[GIVEN INFORMATION]

━━━━

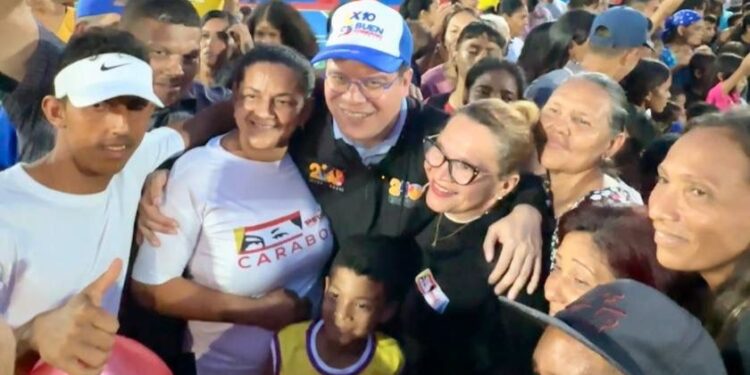 Alcalde Fuenmayor reinauguró cancha deportiva Los Girasoles en la parroquia Miguel Peña de Valencia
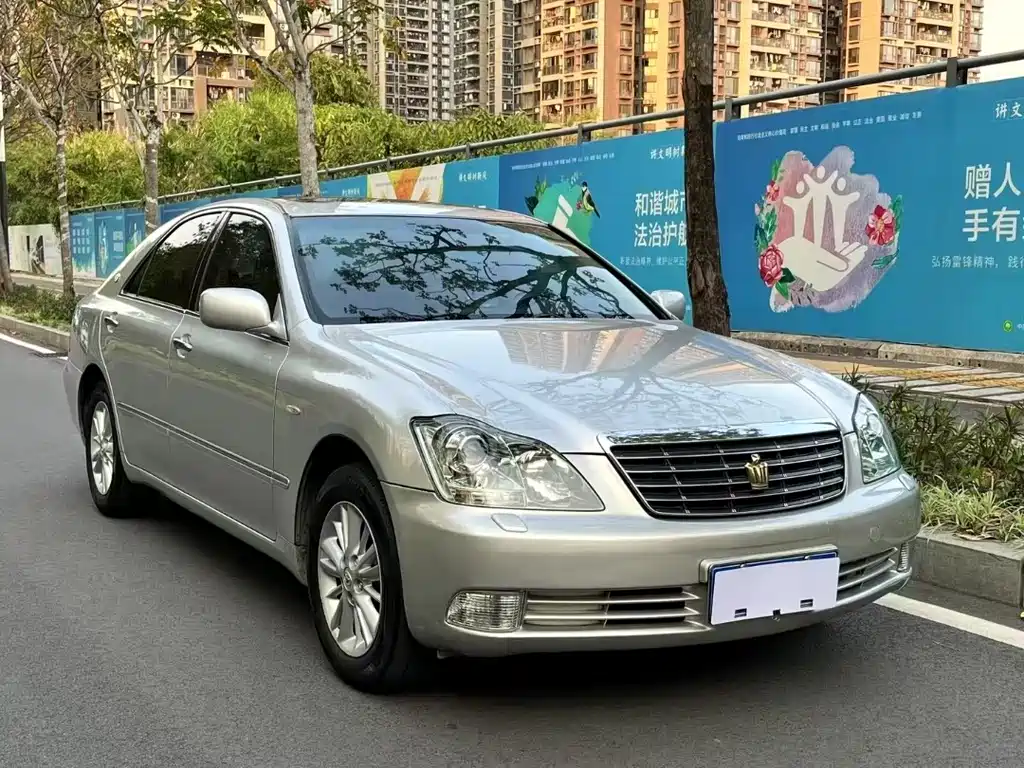Toyota Crown — миниатюра 3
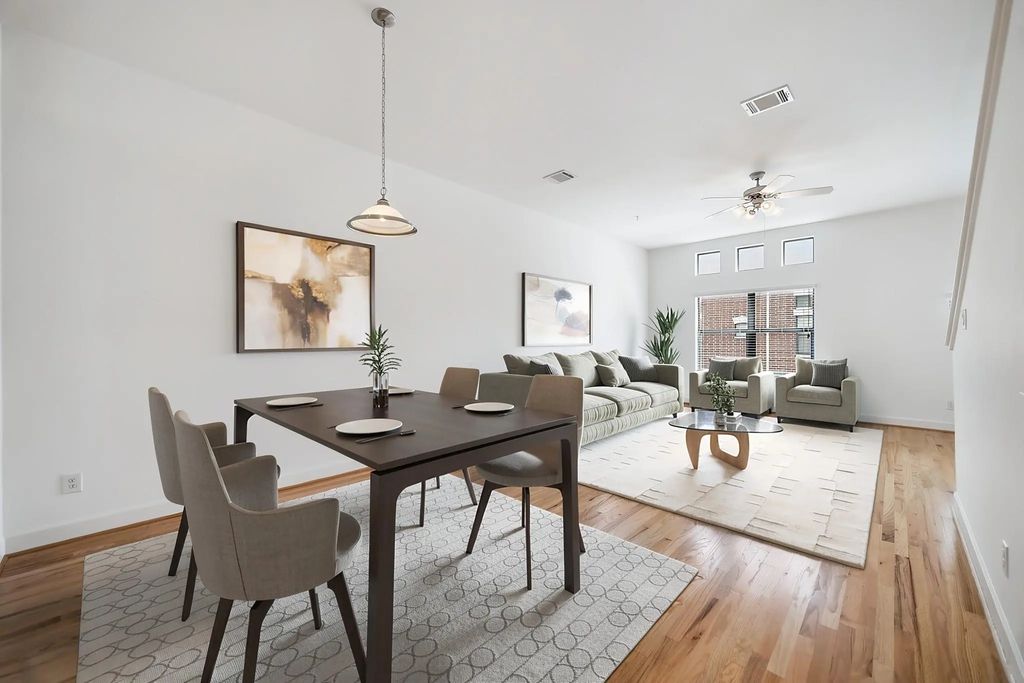 648 Westcross Street 303, Houston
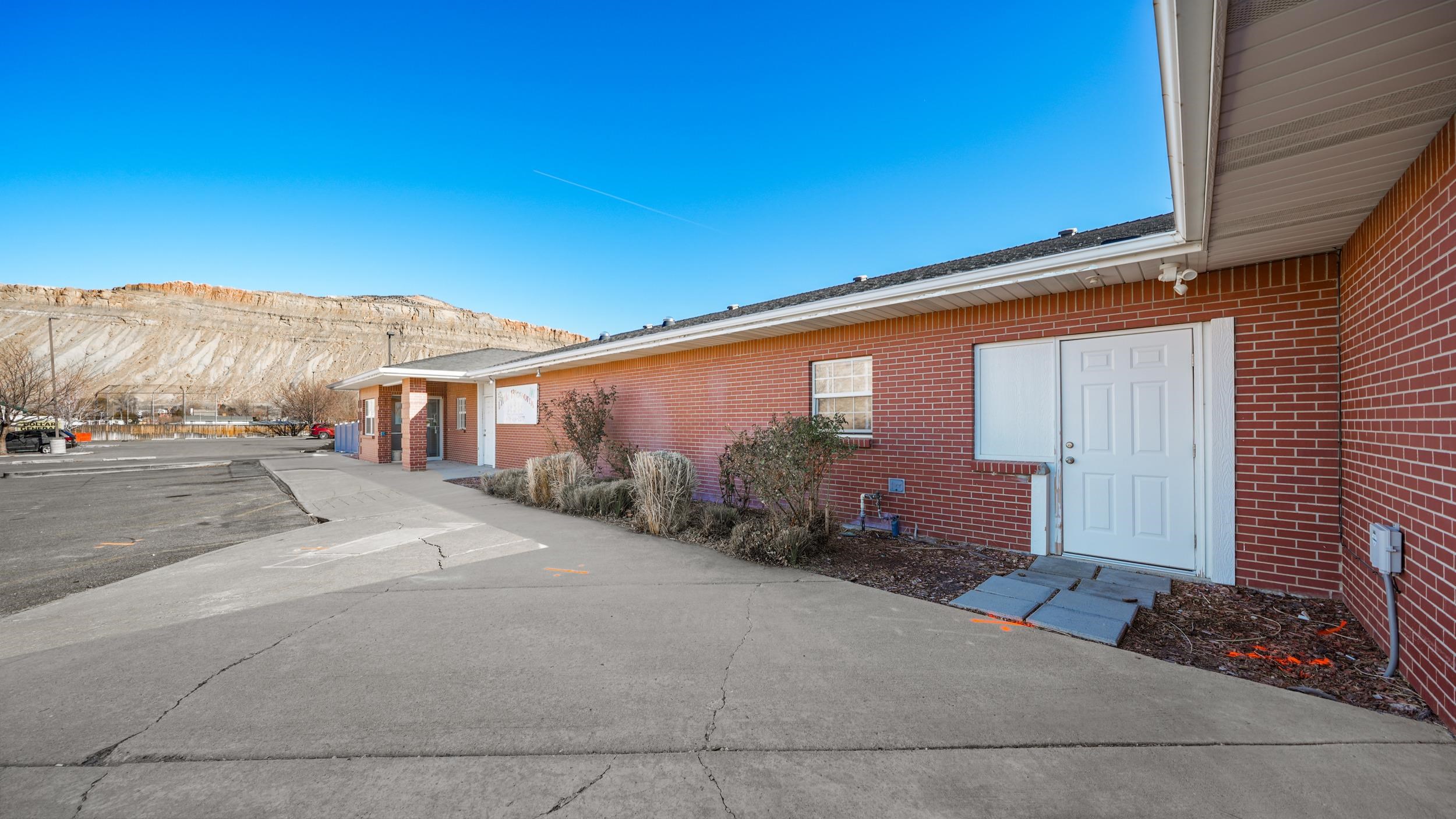 707 Elberta Avenue Unit: 102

━━━━

[TASK TO CARRY OUT] Exclude every picture, then reproduce the remaining data character for character.

[ANSWER BOX]
 Alcalde Fuenmayor reinauguró cancha deportiva Los Girasoles en la parroquia Miguel Peña de Valencia
Toyota Crown — миниатюра 3
 648 Westcross Street 303, Houston
 707 Elberta Avenue Unit: 102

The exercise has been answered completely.